Sob a Camorra, a região de Campânia, onde fica Nápoles, tornou-se o centro de uma rede criminosa internacional que envolve tráfico de drogas, depósitos de lixo tóxico, fraude e lavagem de dinheiro. Em seu recente livro, O Ouro da Camorra, Rosaria segue a carreira de quatro dos principais líderes dos Casalesi: Francesco Schiavone, Francesco Bidognetti, Michele Zagaria e Antonio Iovine. Os dois primeiros estão presos, cumprindo prisão perpétua; os dois últimos estão na lista dos principais procurados da Itália.

A jornalista usou suas apurações e transcrições de julgamentos para mostrar como os chefes da máfia se beneficiaram dos contratos para a construção de um trem de alta velocidade para Nápoles. Ela revela também como, por conta dos negócios obscuros da Camorra, a região tem altas taxas de viciados em cocaína e índices elevados de câncer. ‘Eu não queria escrever um livro’, diz ela, completando que foi praticamente forçada por sua editora a fazê-lo.
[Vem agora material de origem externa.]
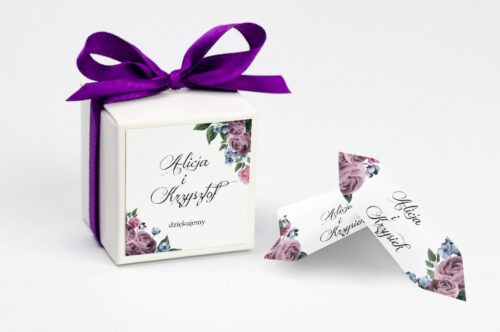 Ozdobne pudełeczko na krówki z personalizacją zaproszenia Botaniczne – Fioletowe róże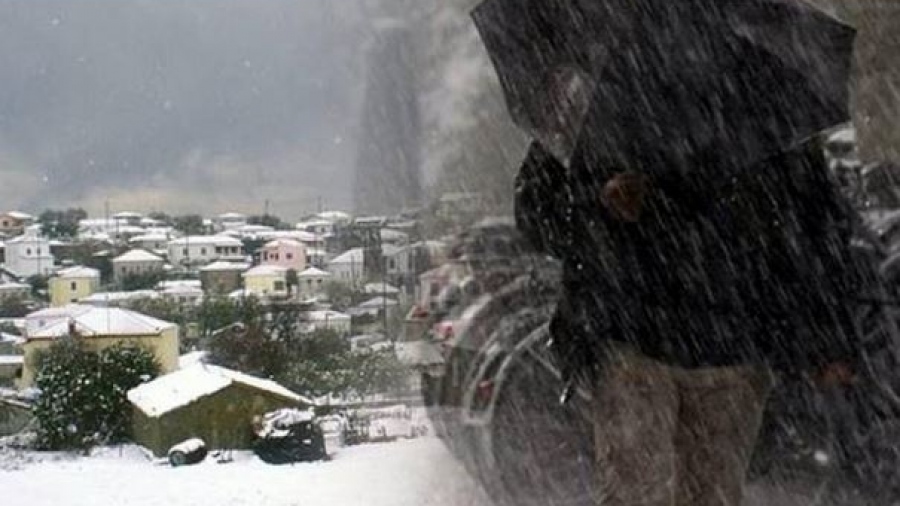 Κακοκαιρία: Σε ετοιμότητα ο κρατικός μηχανισμός, red code σε 6 περιφέρειες - Κλειστά σχολεία, απαγορευτικό απόπλου, μέτρα για εργαζόμενους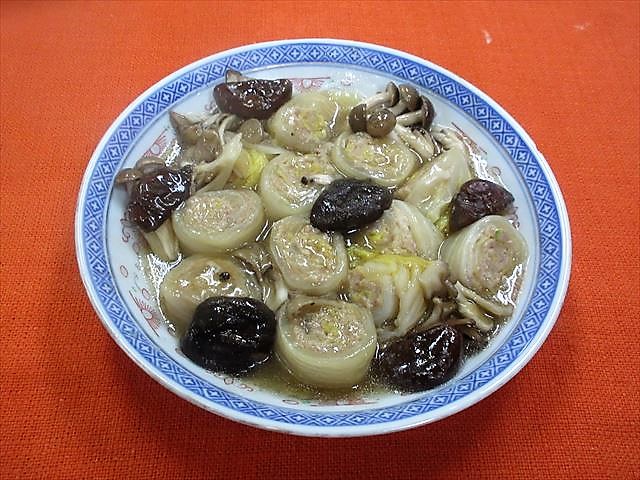 肉巻き白菜の蒸し煮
Rosaria se vê como uma repórter, e fica desconfortável com o ‘circo da mídia’ montado em seu redor depois da ameaça que recebeu.

Prêmio roubado

Fato é que ela não é mais uma simples repórter anônima. No mês passado, Rosaria chegou em casa para encontrar seu apartamento, onde vive sozinha, todo revirado. Quase nada foi roubado. ‘Eles levaram um prêmio de jornalismo que eu tinha ganhado’, conta, ressaltando não saber o responsável pela bagunça.
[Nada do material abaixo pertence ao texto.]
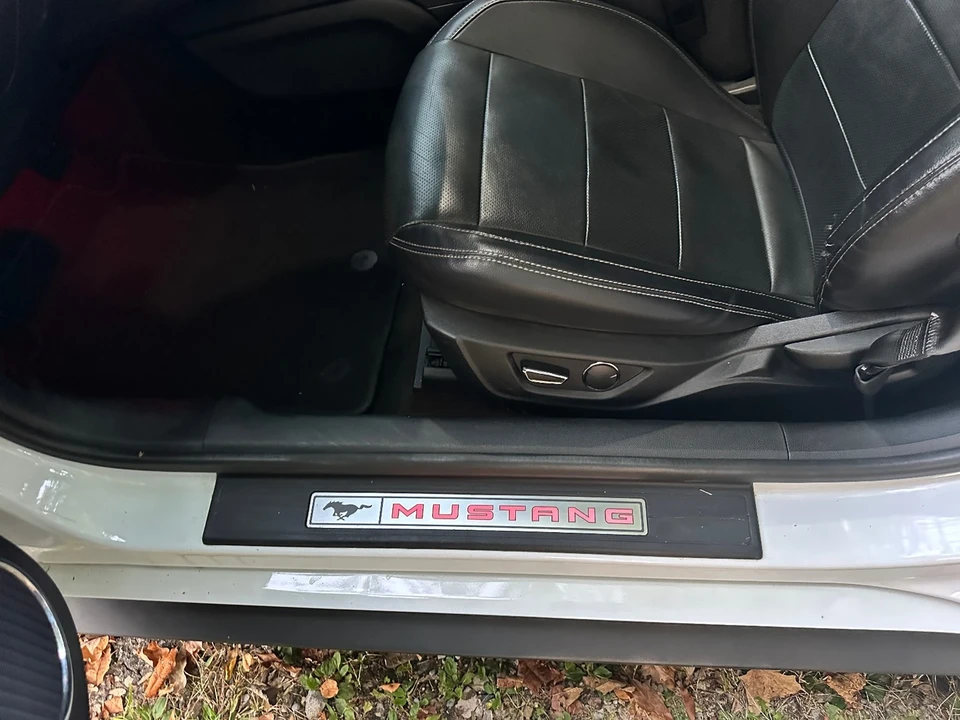 2018 Ford S550 Mustang - Image 2 of 20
Ela sabe que é difícil encontrar um culpado. Na terra da Camorra, os limites entre legalidade e ilegalidade não são claros. Não é raro encontrar personagens do crime organizado com parentes no sistema judiciário ou em outras atividades públicas. ‘Se você compra uma sentença, significa que alguém a vendeu’, diz a jornalista. Ainda que a máfia dependa menos de políticos hoje, ela afirma que há políticos que precisam da máfia para conseguir votos. Para os cidadãos comuns, fica difícil distinguir o certo do errado. Um estudo de 2007 concluiu que o crime organizado representa o maior segmento da economia italiana: 7% do produto interno bruto, ou US$ 127 bilhões anuais.
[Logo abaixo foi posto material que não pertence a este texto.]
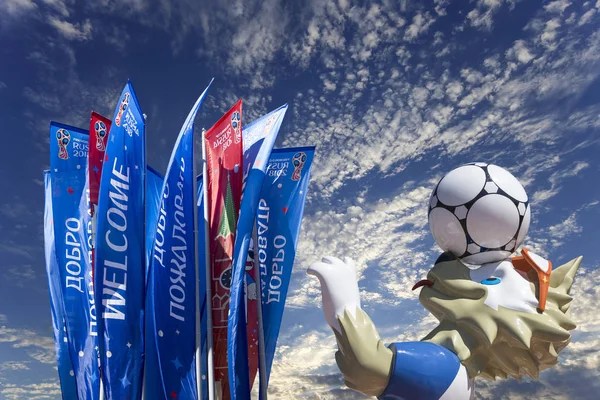 Moskova, Rusya June15, 2018: Kurt Zabivaka ve hoş geldiniz bayrakları 2018 Rusya'nın Dünya Kupası onuruna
Rosaria diz que não sabe se há uma solução para o problema. ‘É complexo. Ao longo dos anos, eles prenderam centenas e centenas de pessoas’, lembra. Os membros dos clãs se renovam. Ela já acompanha a terceira geração de mafiosos, e lembra que, como jornalista, ‘é parte neutra’ da história. Ainda assim, ela sabe que, mesmo com proteção policial, a Camorra pode matá-la. Não tem intenção de mudar de trabalho, entretanto. ‘Meu plano é continuar fazendo o que sempre fiz’, conclui. Informações de Rachel Donadio [The New York Times, 29/11/08].